> [INSTRUCTIONS TO FOLLOW]
The full listing below should be repeated exactly.

> [DATA IN THIS EXERCISE]
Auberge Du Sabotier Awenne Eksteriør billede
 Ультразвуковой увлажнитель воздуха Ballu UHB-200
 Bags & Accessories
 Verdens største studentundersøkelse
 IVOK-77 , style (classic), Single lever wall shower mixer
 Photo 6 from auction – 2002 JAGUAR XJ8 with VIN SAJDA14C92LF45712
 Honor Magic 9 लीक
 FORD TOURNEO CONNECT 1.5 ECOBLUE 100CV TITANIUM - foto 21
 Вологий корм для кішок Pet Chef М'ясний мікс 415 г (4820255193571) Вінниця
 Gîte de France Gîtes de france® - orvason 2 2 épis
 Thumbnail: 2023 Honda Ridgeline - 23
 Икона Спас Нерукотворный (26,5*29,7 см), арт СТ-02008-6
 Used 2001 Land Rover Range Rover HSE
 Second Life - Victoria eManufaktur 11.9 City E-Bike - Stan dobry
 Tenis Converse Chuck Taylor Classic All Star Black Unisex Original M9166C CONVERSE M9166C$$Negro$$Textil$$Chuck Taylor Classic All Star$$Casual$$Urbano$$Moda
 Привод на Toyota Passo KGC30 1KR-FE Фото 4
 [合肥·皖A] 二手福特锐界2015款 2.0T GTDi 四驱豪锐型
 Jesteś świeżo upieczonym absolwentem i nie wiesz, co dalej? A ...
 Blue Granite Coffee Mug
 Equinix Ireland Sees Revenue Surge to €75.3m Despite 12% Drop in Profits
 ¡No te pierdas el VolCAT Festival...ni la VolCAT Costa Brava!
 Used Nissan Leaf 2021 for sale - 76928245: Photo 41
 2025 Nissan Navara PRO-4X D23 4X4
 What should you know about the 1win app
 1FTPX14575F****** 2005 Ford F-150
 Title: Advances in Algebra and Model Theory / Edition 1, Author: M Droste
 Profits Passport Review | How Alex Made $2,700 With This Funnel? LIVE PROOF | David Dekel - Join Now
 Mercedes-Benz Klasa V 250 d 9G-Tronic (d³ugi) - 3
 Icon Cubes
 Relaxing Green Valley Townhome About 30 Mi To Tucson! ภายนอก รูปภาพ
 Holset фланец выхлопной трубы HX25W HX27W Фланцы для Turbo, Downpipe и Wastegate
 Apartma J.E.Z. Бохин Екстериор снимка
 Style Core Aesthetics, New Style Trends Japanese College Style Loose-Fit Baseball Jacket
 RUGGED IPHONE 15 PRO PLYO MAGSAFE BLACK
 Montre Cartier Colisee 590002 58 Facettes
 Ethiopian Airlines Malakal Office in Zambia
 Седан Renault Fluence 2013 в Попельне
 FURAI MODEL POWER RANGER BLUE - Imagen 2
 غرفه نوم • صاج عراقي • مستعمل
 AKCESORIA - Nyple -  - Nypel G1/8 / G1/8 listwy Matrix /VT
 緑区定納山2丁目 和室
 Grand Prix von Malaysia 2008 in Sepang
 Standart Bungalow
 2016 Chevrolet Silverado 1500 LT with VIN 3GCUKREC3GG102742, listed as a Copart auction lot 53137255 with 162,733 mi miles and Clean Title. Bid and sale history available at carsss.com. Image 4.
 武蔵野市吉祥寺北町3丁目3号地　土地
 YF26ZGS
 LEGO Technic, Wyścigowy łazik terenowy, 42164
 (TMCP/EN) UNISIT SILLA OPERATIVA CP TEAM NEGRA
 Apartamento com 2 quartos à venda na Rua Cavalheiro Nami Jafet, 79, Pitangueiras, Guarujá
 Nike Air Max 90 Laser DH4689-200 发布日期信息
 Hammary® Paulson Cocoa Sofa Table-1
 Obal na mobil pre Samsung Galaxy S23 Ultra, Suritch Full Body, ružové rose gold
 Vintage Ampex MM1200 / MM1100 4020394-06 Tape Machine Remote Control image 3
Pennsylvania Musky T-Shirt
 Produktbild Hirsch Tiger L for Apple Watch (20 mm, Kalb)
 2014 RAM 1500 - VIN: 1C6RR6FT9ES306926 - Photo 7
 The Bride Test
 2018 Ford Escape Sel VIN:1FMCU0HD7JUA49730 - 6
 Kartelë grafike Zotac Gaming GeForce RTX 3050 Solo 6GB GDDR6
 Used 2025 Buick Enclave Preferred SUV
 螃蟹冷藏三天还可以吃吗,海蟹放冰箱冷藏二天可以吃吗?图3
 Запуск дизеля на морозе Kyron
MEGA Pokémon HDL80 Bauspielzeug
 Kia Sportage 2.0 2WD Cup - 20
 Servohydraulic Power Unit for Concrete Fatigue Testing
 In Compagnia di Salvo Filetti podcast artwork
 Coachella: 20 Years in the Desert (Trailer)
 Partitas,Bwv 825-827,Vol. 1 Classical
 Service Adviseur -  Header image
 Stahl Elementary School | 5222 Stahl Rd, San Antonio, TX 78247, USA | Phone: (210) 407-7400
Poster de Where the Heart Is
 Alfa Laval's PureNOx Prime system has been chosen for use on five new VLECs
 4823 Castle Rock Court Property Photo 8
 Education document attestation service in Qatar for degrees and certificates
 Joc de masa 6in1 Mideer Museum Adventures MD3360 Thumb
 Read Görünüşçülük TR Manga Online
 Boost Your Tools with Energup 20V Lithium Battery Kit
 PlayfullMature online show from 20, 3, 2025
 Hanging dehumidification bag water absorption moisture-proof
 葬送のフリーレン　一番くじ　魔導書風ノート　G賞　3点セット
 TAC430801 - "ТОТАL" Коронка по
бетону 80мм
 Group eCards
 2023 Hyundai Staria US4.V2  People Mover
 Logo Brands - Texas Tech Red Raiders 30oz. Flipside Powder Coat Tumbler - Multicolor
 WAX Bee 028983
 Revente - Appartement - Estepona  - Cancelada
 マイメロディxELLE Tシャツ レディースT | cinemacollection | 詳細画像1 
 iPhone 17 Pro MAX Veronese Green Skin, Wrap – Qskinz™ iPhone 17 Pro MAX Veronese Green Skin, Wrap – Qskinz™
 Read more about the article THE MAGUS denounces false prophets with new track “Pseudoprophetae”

> [REPLY]
Auberge Du Sabotier Awenne Eksteriør billede
 Ультразвуковой увлажнитель воздуха Ballu UHB-200
 Bags & Accessories
 Verdens største studentundersøkelse
 IVOK-77 , style (classic), Single lever wall shower mixer
 Photo 6 from auction – 2002 JAGUAR XJ8 with VIN SAJDA14C92LF45712
 Honor Magic 9 लीक
 FORD TOURNEO CONNECT 1.5 ECOBLUE 100CV TITANIUM - foto 21
 Вологий корм для кішок Pet Chef М'ясний мікс 415 г (4820255193571) Вінниця
 Gîte de France Gîtes de france® - orvason 2 2 épis
 Thumbnail: 2023 Honda Ridgeline - 23
 Икона Спас Нерукотворный (26,5*29,7 см), арт СТ-02008-6
 Used 2001 Land Rover Range Rover HSE
 Second Life - Victoria eManufaktur 11.9 City E-Bike - Stan dobry
 Tenis Converse Chuck Taylor Classic All Star Black Unisex Original M9166C CONVERSE M9166C$$Negro$$Textil$$Chuck Taylor Classic All Star$$Casual$$Urbano$$Moda
 Привод на Toyota Passo KGC30 1KR-FE Фото 4
 [合肥·皖A] 二手福特锐界2015款 2.0T GTDi 四驱豪锐型
 Jesteś świeżo upieczonym absolwentem i nie wiesz, co dalej? A ...
 Blue Granite Coffee Mug
 Equinix Ireland Sees Revenue Surge to €75.3m Despite 12% Drop in Profits
 ¡No te pierdas el VolCAT Festival...ni la VolCAT Costa Brava!
 Used Nissan Leaf 2021 for sale - 76928245: Photo 41
 2025 Nissan Navara PRO-4X D23 4X4
 What should you know about the 1win app
 1FTPX14575F****** 2005 Ford F-150
 Title: Advances in Algebra and Model Theory / Edition 1, Author: M Droste
 Profits Passport Review | How Alex Made $2,700 With This Funnel? LIVE PROOF | David Dekel - Join Now
 Mercedes-Benz Klasa V 250 d 9G-Tronic (d³ugi) - 3
 Icon Cubes
 Relaxing Green Valley Townhome About 30 Mi To Tucson! ภายนอก รูปภาพ
 Holset фланец выхлопной трубы HX25W HX27W Фланцы для Turbo, Downpipe и Wastegate
 Apartma J.E.Z. Бохин Екстериор снимка
 Style Core Aesthetics, New Style Trends Japanese College Style Loose-Fit Baseball Jacket
 RUGGED IPHONE 15 PRO PLYO MAGSAFE BLACK
 Montre Cartier Colisee 590002 58 Facettes
 Ethiopian Airlines Malakal Office in Zambia
 Седан Renault Fluence 2013 в Попельне
 FURAI MODEL POWER RANGER BLUE - Imagen 2
 غرفه نوم • صاج عراقي • مستعمل
 AKCESORIA - Nyple -  - Nypel G1/8 / G1/8 listwy Matrix /VT
 緑区定納山2丁目 和室
 Grand Prix von Malaysia 2008 in Sepang
 Standart Bungalow
 2016 Chevrolet Silverado 1500 LT with VIN 3GCUKREC3GG102742, listed as a Copart auction lot 53137255 with 162,733 mi miles and Clean Title. Bid and sale history available at carsss.com. Image 4.
 武蔵野市吉祥寺北町3丁目3号地　土地
 YF26ZGS
 LEGO Technic, Wyścigowy łazik terenowy, 42164
 (TMCP/EN) UNISIT SILLA OPERATIVA CP TEAM NEGRA
 Apartamento com 2 quartos à venda na Rua Cavalheiro Nami Jafet, 79, Pitangueiras, Guarujá
 Nike Air Max 90 Laser DH4689-200 发布日期信息
 Hammary® Paulson Cocoa Sofa Table-1
 Obal na mobil pre Samsung Galaxy S23 Ultra, Suritch Full Body, ružové rose gold
 Vintage Ampex MM1200 / MM1100 4020394-06 Tape Machine Remote Control image 3
Pennsylvania Musky T-Shirt
 Produktbild Hirsch Tiger L for Apple Watch (20 mm, Kalb)
 2014 RAM 1500 - VIN: 1C6RR6FT9ES306926 - Photo 7
 The Bride Test
 2018 Ford Escape Sel VIN:1FMCU0HD7JUA49730 - 6
 Kartelë grafike Zotac Gaming GeForce RTX 3050 Solo 6GB GDDR6
 Used 2025 Buick Enclave Preferred SUV
 螃蟹冷藏三天还可以吃吗,海蟹放冰箱冷藏二天可以吃吗?图3
 Запуск дизеля на морозе Kyron
MEGA Pokémon HDL80 Bauspielzeug
 Kia Sportage 2.0 2WD Cup - 20
 Servohydraulic Power Unit for Concrete Fatigue Testing
 In Compagnia di Salvo Filetti podcast artwork
 Coachella: 20 Years in the Desert (Trailer)
 Partitas,Bwv 825-827,Vol. 1 Classical
 Service Adviseur -  Header image
 Stahl Elementary School | 5222 Stahl Rd, San Antonio, TX 78247, USA | Phone: (210) 407-7400
Poster de Where the Heart Is
 Alfa Laval's PureNOx Prime system has been chosen for use on five new VLECs
 4823 Castle Rock Court Property Photo 8
 Education document attestation service in Qatar for degrees and certificates
 Joc de masa 6in1 Mideer Museum Adventures MD3360 Thumb
 Read Görünüşçülük TR Manga Online
 Boost Your Tools with Energup 20V Lithium Battery Kit
 PlayfullMature online show from 20, 3, 2025
 Hanging dehumidification bag water absorption moisture-proof
 葬送のフリーレン　一番くじ　魔導書風ノート　G賞　3点セット
 TAC430801 - "ТОТАL" Коронка по
бетону 80мм
 Group eCards
 2023 Hyundai Staria US4.V2  People Mover
 Logo Brands - Texas Tech Red Raiders 30oz. Flipside Powder Coat Tumbler - Multicolor
 WAX Bee 028983
 Revente - Appartement - Estepona  - Cancelada
 マイメロディxELLE Tシャツ レディースT | cinemacollection | 詳細画像1 
 iPhone 17 Pro MAX Veronese Green Skin, Wrap – Qskinz™ iPhone 17 Pro MAX Veronese Green Skin, Wrap – Qskinz™
 Read more about the article THE MAGUS denounces false prophets with new track “Pseudoprophetae”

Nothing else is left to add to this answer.